Content starts

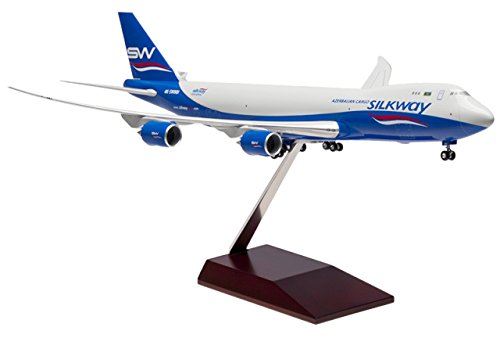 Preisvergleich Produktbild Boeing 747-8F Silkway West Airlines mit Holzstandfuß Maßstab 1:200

Content ends
Content starts

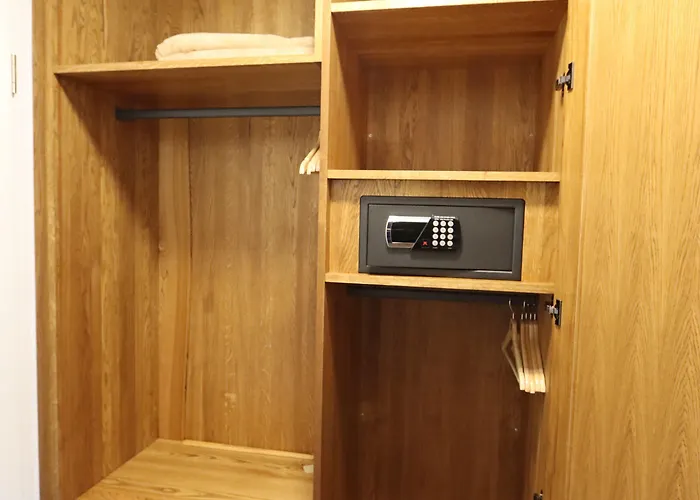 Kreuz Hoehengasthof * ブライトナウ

Content ends
Content starts

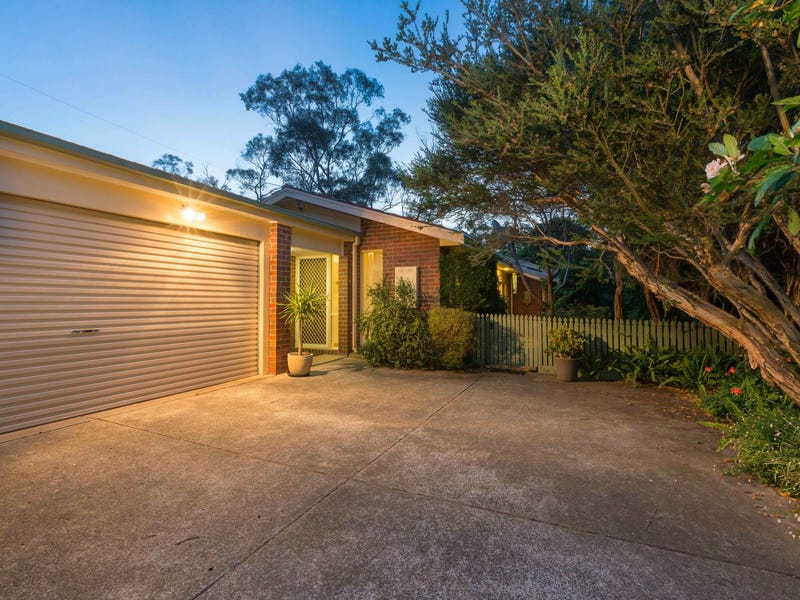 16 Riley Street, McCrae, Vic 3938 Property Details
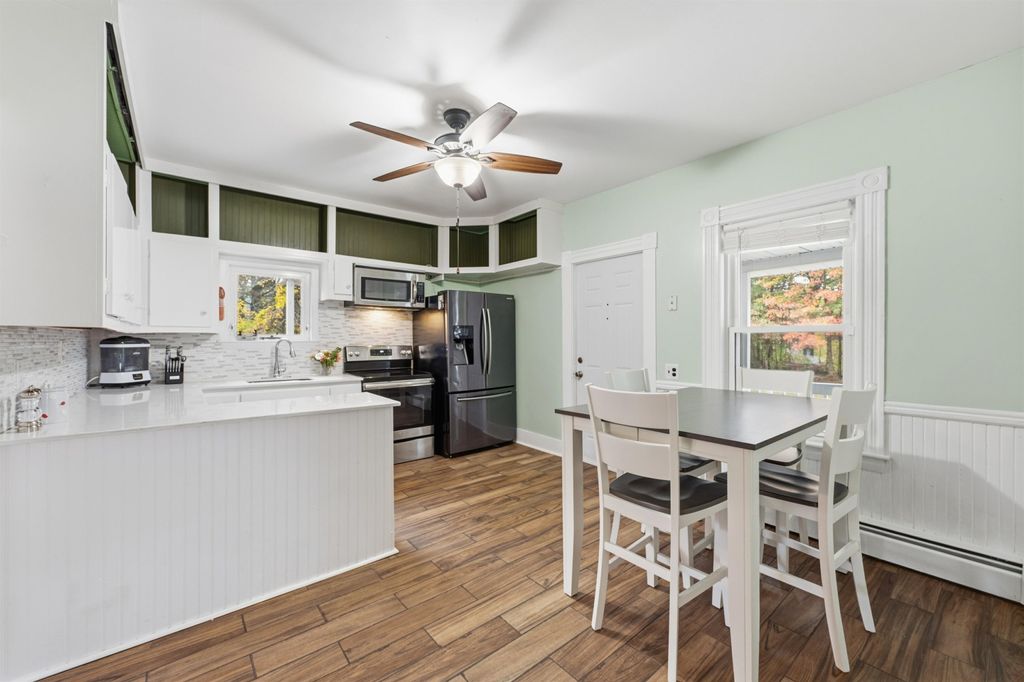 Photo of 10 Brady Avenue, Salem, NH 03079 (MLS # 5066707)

Content ends

Work request
What are the lines in the records above, word for word, from the one containing "16 Riley Street, McCrae, Vic" through the one containing "Photo of 10", both ends included and pictures left out?

Solution to this exercise
 16 Riley Street, McCrae, Vic 3938 Property Details
 Photo of 10 Brady Avenue, Salem, NH 03079 (MLS # 5066707)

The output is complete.